Give the data again in full, without pictures.

Collected material: Begin

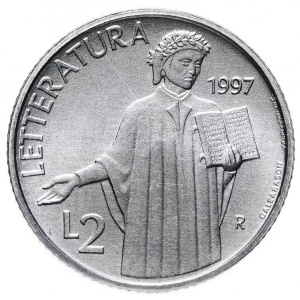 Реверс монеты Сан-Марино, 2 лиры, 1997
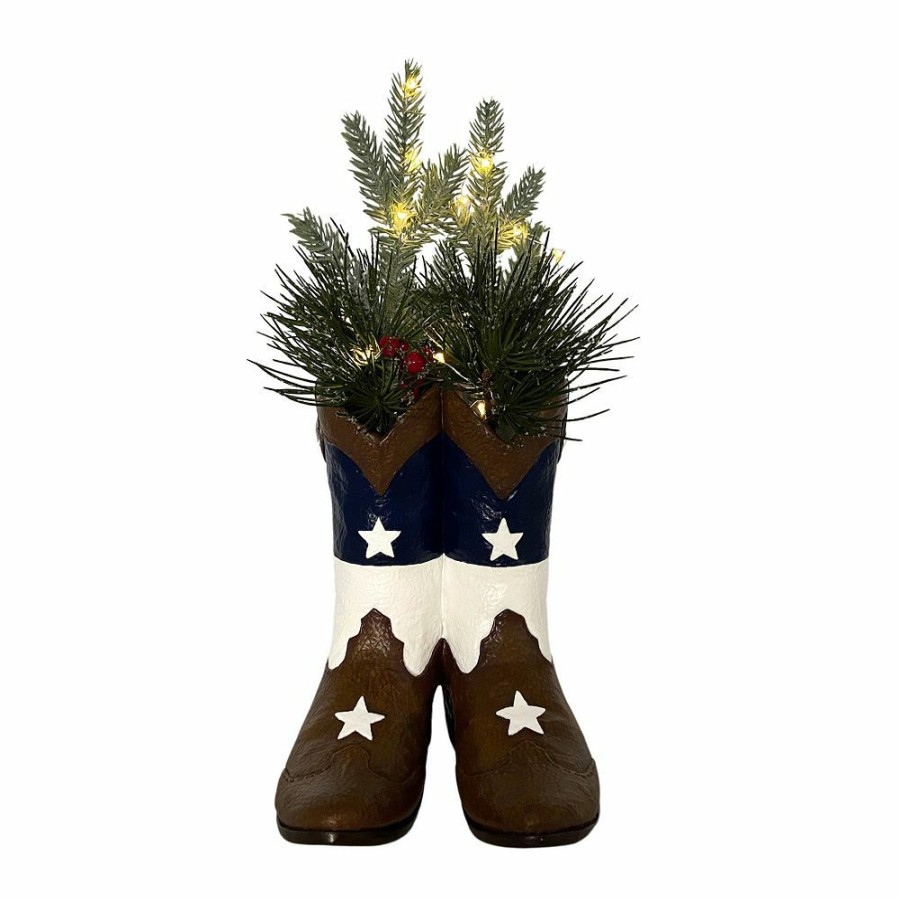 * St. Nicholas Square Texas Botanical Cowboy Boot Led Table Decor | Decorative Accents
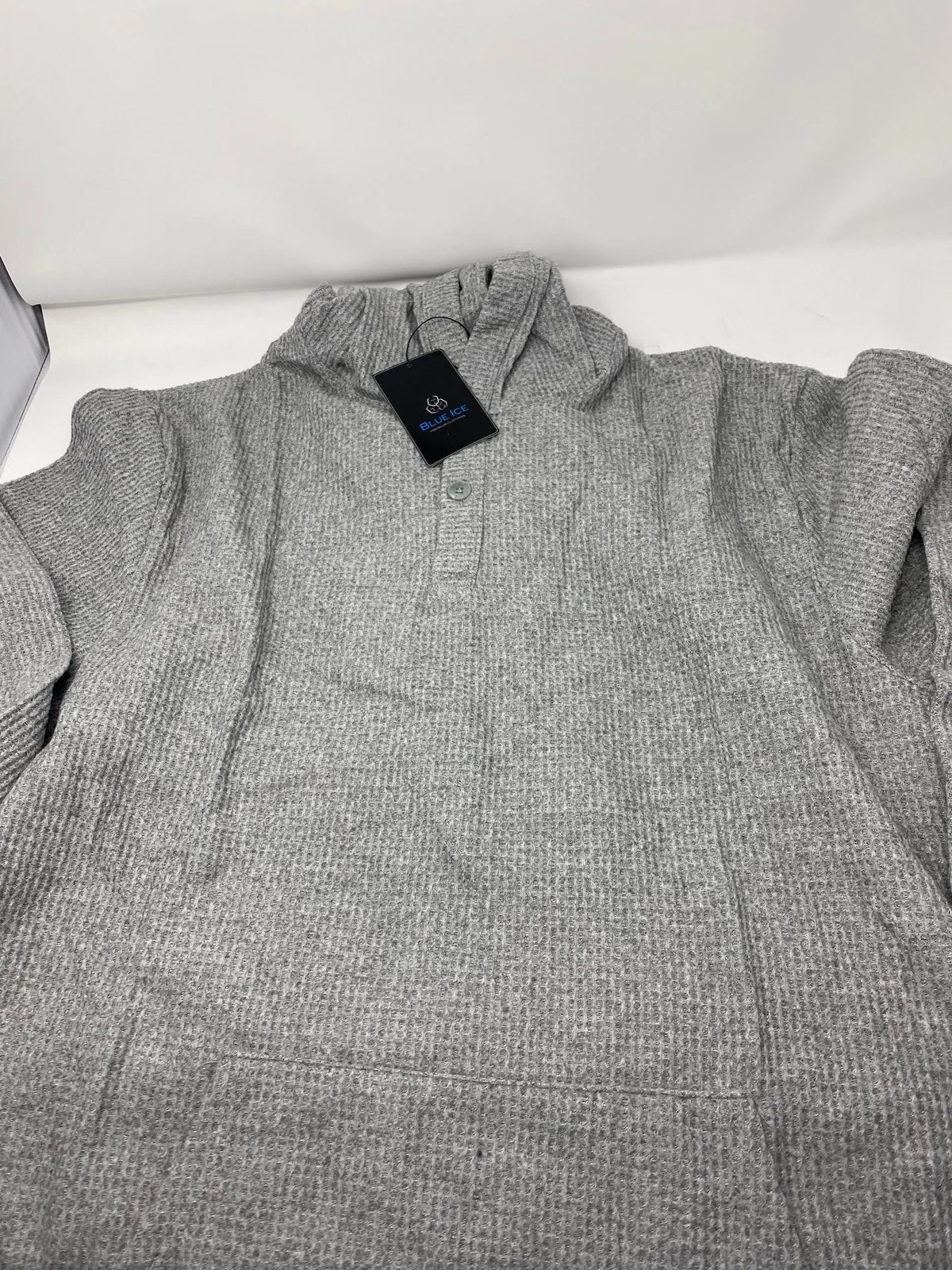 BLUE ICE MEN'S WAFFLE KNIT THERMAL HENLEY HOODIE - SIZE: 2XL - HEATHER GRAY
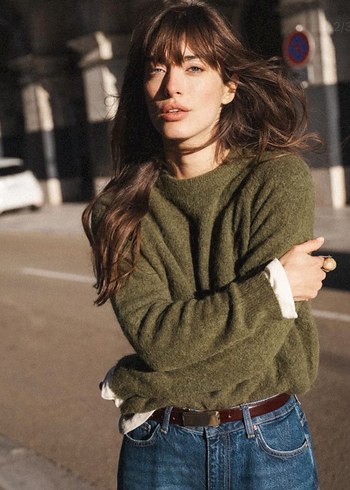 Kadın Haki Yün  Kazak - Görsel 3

Collected material: End

### Output of the exercise:
 Реверс монеты Сан-Марино, 2 лиры, 1997
 * St. Nicholas Square Texas Botanical Cowboy Boot Led Table Decor | Decorative Accents
 BLUE ICE MEN'S WAFFLE KNIT THERMAL HENLEY HOODIE - SIZE: 2XL - HEATHER GRAY
 Kadın Haki Yün  Kazak - Görsel 3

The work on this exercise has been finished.